* **Directions for this task**
Every line of the data below must be given again exactly.

======== Information provided ========

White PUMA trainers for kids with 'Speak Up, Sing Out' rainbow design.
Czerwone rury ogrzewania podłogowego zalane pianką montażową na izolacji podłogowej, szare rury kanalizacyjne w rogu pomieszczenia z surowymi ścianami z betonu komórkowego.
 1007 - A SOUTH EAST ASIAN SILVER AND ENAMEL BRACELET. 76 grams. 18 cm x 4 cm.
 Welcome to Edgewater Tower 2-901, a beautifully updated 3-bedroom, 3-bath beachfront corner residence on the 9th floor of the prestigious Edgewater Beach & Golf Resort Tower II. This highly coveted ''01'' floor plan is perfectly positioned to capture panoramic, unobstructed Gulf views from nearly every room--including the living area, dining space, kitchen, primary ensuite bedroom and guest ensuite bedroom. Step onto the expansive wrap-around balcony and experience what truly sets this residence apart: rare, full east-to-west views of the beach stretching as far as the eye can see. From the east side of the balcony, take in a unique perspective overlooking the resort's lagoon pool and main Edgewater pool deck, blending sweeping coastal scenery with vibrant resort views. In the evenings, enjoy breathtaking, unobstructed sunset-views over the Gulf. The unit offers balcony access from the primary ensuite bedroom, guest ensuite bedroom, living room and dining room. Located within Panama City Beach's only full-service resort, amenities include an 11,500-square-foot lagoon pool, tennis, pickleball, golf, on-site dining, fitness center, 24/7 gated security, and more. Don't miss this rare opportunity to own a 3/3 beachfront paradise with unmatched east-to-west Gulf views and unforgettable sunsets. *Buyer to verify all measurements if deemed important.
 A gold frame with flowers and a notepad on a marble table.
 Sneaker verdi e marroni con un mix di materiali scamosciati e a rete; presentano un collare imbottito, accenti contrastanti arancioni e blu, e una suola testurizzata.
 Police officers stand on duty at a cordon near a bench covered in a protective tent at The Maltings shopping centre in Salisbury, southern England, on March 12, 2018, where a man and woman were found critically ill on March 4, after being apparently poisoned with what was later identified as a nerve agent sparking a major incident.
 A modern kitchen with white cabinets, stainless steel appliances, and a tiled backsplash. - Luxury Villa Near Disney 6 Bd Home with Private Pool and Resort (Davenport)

========

* **Answer space**
White PUMA trainers for kids with 'Speak Up, Sing Out' rainbow design.
Czerwone rury ogrzewania podłogowego zalane pianką montażową na izolacji podłogowej, szare rury kanalizacyjne w rogu pomieszczenia z surowymi ścianami z betonu komórkowego.
 1007 - A SOUTH EAST ASIAN SILVER AND ENAMEL BRACELET. 76 grams. 18 cm x 4 cm.
 Welcome to Edgewater Tower 2-901, a beautifully updated 3-bedroom, 3-bath beachfront corner residence on the 9th floor of the prestigious Edgewater Beach & Golf Resort Tower II. This highly coveted ''01'' floor plan is perfectly positioned to capture panoramic, unobstructed Gulf views from nearly every room--including the living area, dining space, kitchen, primary ensuite bedroom and guest ensuite bedroom. Step onto the expansive wrap-around balcony and experience what truly sets this residence apart: rare, full east-to-west views of the beach stretching as far as the eye can see. From the east side of the balcony, take in a unique perspective overlooking the resort's lagoon pool and main Edgewater pool deck, blending sweeping coastal scenery with vibrant resort views. In the evenings, enjoy breathtaking, unobstructed sunset-views over the Gulf. The unit offers balcony access from the primary ensuite bedroom, guest ensuite bedroom, living room and dining room. Located within Panama City Beach's only full-service resort, amenities include an 11,500-square-foot lagoon pool, tennis, pickleball, golf, on-site dining, fitness center, 24/7 gated security, and more. Don't miss this rare opportunity to own a 3/3 beachfront paradise with unmatched east-to-west Gulf views and unforgettable sunsets. *Buyer to verify all measurements if deemed important.
 A gold frame with flowers and a notepad on a marble table.
 Sneaker verdi e marroni con un mix di materiali scamosciati e a rete; presentano un collare imbottito, accenti contrastanti arancioni e blu, e una suola testurizzata.
 Police officers stand on duty at a cordon near a bench covered in a protective tent at The Maltings shopping centre in Salisbury, southern England, on March 12, 2018, where a man and woman were found critically ill on March 4, after being apparently poisoned with what was later identified as a nerve agent sparking a major incident.
 A modern kitchen with white cabinets, stainless steel appliances, and a tiled backsplash. - Luxury Villa Near Disney 6 Bd Home with Private Pool and Resort (Davenport)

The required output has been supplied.